Segundo Alexandre Silva, responsável pela organização e desenvolvimento das operações (Produção, Logística e Distribuição) dos CTT, «este projeto decorreu dos investimentos que a empresa tem vindo a realizar, nos últimos anos, nomeadamente ao nível da centralização dos dados de informação e da georeferenciação, através da colocação de GPS na frota e da identificação de todas as portas do país com a respetiva coordenada, o que nos permitiu desenvolver modelos logísticos de forma diferente que até agora não era possível porque não tínhamos a tecnologia ao nosso dispor». A par disto criou-se uma equipa de trabalho transversal que desenvolveu dois algoritmos de otimização de processos próprios.
Importância da evolução das infraestruturas
A evolução das infraestruturas rodoviárias do país foi também um trunfo, do qual «a nossa organização não estava a tirar total proveito.» É o exemplo da abertura do túnel do Marão que permitiu fechar e deslocalizar o centro de Vila Real para Mirandela, onde foi criado um novo centro logístico para servir todo o nordeste transmontano. Isto porque, «o túnel do Marão permitiu aproximar Vila Real do Porto e deslocalizar o nosso centro mais para o interior do país», refere Paulo Alexandre Silva.

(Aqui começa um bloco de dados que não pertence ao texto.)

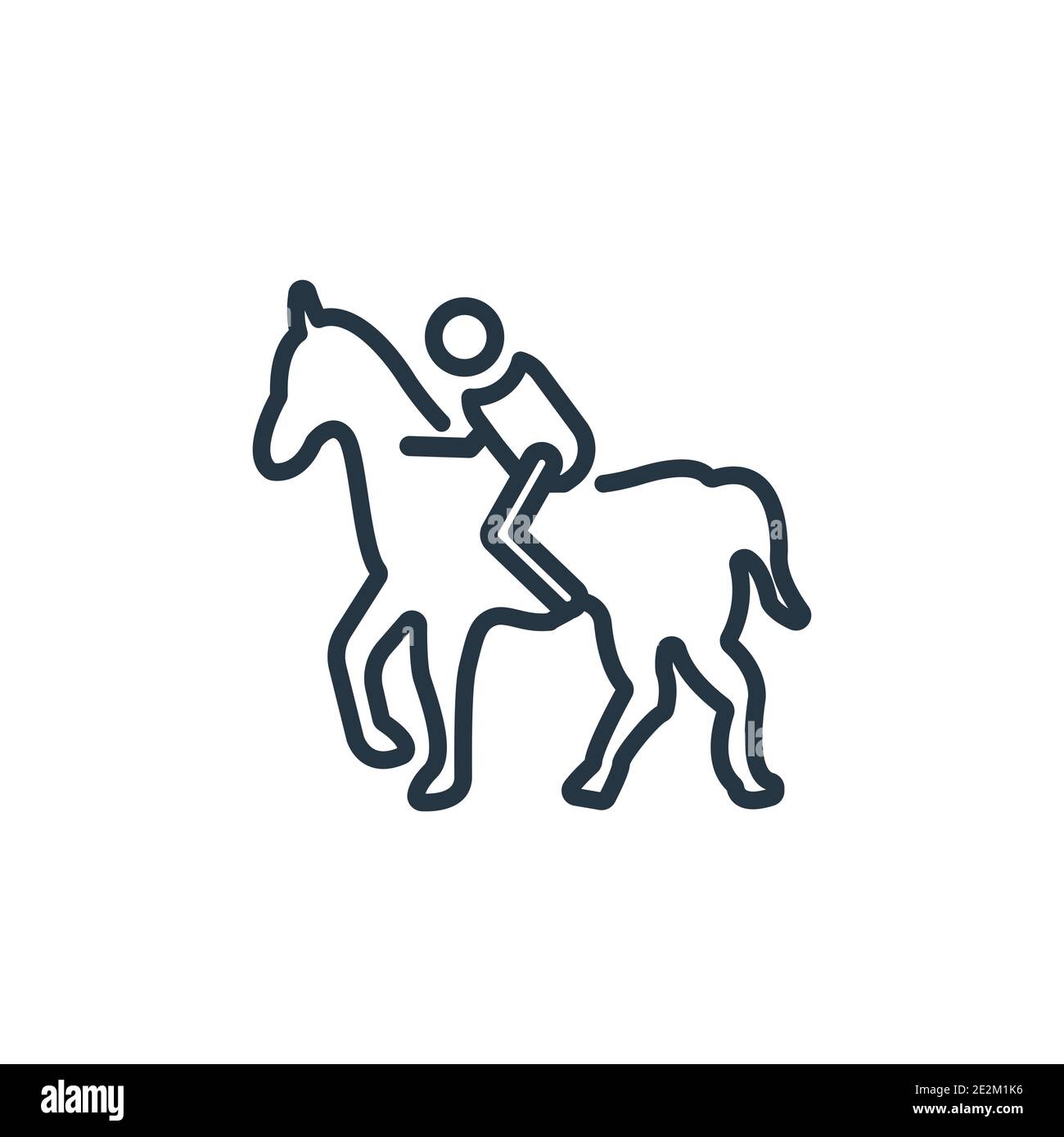 Riding outline vector icon. Thin line black riding icon, flat vector ...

Antes da implementação do NARPEL, os CTT detinham 3 grandes centros de produção e logística. com a análise que foi feita à rede de logística e de produção, a atividade que existia em Coimbra, vocacionada para o correio, foi transferida para os centros de produção do Porto e de Lisboa. Coimbra passou a deter serviços de desmaterialização e digitalização, de documentos. Paulo Alexandre Silva explica que «esta deslocalização da atividade de correio associada à reorganização da rede permitiu-nos, neste momento, estar a trabalhar em exclusivo com dois centros de produção que servem todo o país».

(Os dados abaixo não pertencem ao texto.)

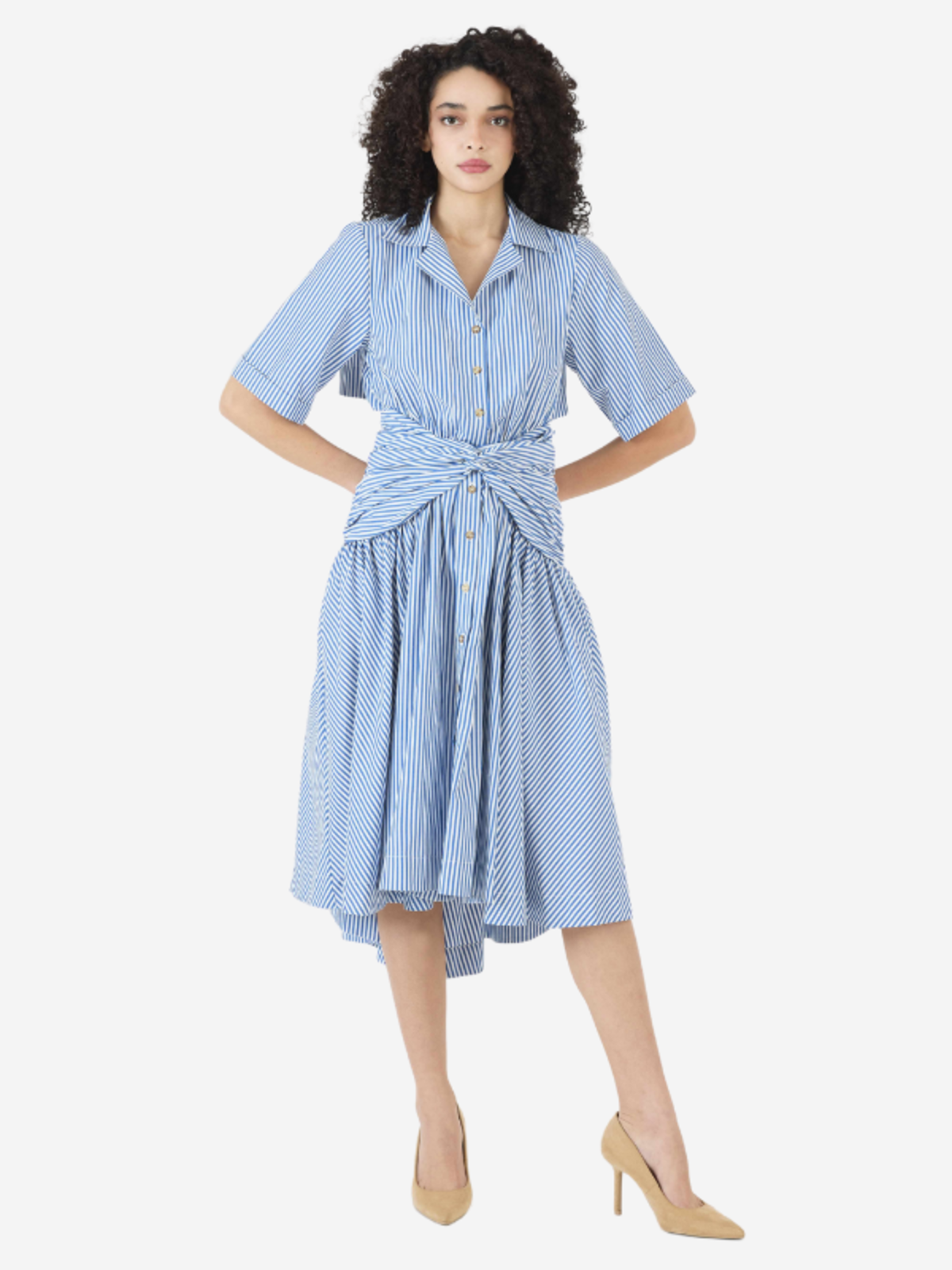 Rosie Assoulin Tie Shirt Dress - Blue Stripe - Image 2 of 4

O grande desafio para a empresa, de acordo com Paulo Alexandre Silva é que «durante 30 anos esteve quase sempre na mesma rede, com ligeiras otimizações e após o investimento em infraestruturas digitais, tecnologias e desenvolvimento de outros modelos permite-nos agora anualmente estar a adaptar a nossa rede logística às alterações não só das matrizes de origem do destino dos objetos, sejam do correio, mas principalmente do expresso que é o que está a ganhar maior peso. Também temos agora uma solução de carga, graças à aquisição de uma empresa no ano passado, pelo que estamos a integrar todas as redes o que traz novos desafios à rede logística. Estamos a falar de paletes em peso, pelo que falamos numa lógica mais B2B. O que pretendemos é a rentabilização das nossas plataformas, o que vai ao encontro da estratégia da empresa que é alargar o seu portfólio em termos de serviços e soluções.»
De salientar que desde a implementação do NARPEL já foi feito um upgrade ao projeto, «de fácil conceção e operacionalização, uma vez que as condições já estavam criadas». Foram desenvolvidas novas plataformas intermédias para fazer atividade de cross docking. «O que fizemos foi aproximar a descentralização das nossas ligações mais próximas do destino. Por exemplo, antigamente as viaturas saiam já carregadas para a zona de Torres Novas. Agora fazemos as ligações de camiões pesados até Torres Novas e depois, a partir de um modelo em estrela, servimos os nossos centros de distribuição postal. Ao aproximarmos essas tarefas de cross docking e desconsolidação mais perto do destino permite-nos um ganho evidente ao longo da cadeia, porque consolidamos mais na origem e desconsolidamos mais próximo do destino», continua o responsável.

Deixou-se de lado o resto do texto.